Don’t look for any shift anytime soon. In fact, expect the GOP to continue on its present course. Norm Orstein, in fact, suggests there are now actually FIVE Republican Parties — and that present no compromise, no attempt to expand the tent attitudes will prevail for the foreseeable future. Here’s part of his must-read-in-full piece:
Across the nation, not just in Washington, there are ever more signs of a Republican Party veering to the right edge of the right wing of the political spectrum. With prospects for a comprehensive immigration bill fading, what will it take to bring the GOP back at least to the right edge of the center of the spectrum, to compete to win national elections on its own merits and not just when the Democrats fail or the economy falters?

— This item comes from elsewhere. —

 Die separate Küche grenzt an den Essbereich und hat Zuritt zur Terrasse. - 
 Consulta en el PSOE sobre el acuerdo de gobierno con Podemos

American history has many examples of a party going off the rails and taking a long time to recover. It was true of the Democrats in the 1890s and again in the 1960s and early ’70s. One rough rule of thumb is that a party has to lose three presidential elections in a row to make it clear that the problem is not just individual presidential candidates and their failures but something deeper, enough to motivate a party to move to expand beyond its ideological base and capture the center. But if that happens in 2016 — if Democrats make it three wins in a row — I am not sure it will be enough for the GOP.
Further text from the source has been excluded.